=== Section Start ===
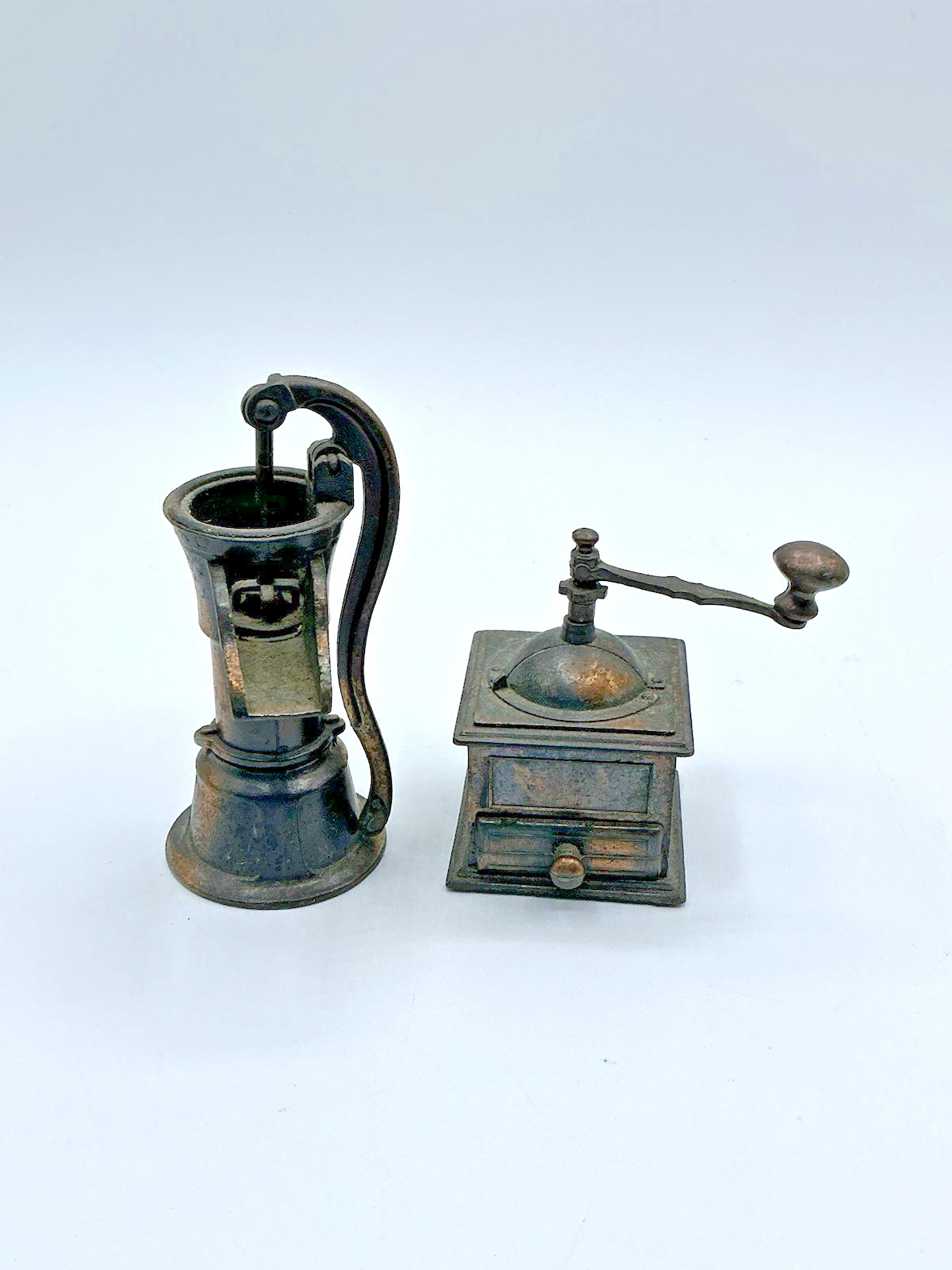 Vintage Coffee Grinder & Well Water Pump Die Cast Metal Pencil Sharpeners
=== Section End ===
=== Section Start ===
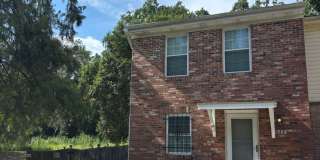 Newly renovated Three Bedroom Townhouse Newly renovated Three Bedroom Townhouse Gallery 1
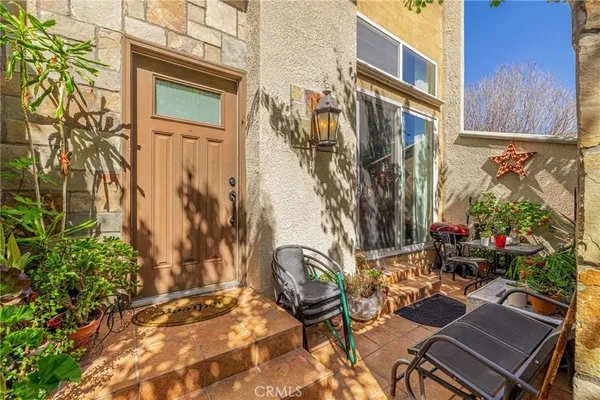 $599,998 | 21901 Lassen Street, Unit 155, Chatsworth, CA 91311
=== Section End ===
Once the line with "Newly renovated Three Bedroom Townhouse Newly" is found above, transcribe each line from it through the line with "Chatsworth, CA 91311", exactly, and omit the pictures.

■ **REPLY**
 Newly renovated Three Bedroom Townhouse Newly renovated Three Bedroom Townhouse Gallery 1
 $599,998 | 21901 Lassen Street, Unit 155, Chatsworth, CA 91311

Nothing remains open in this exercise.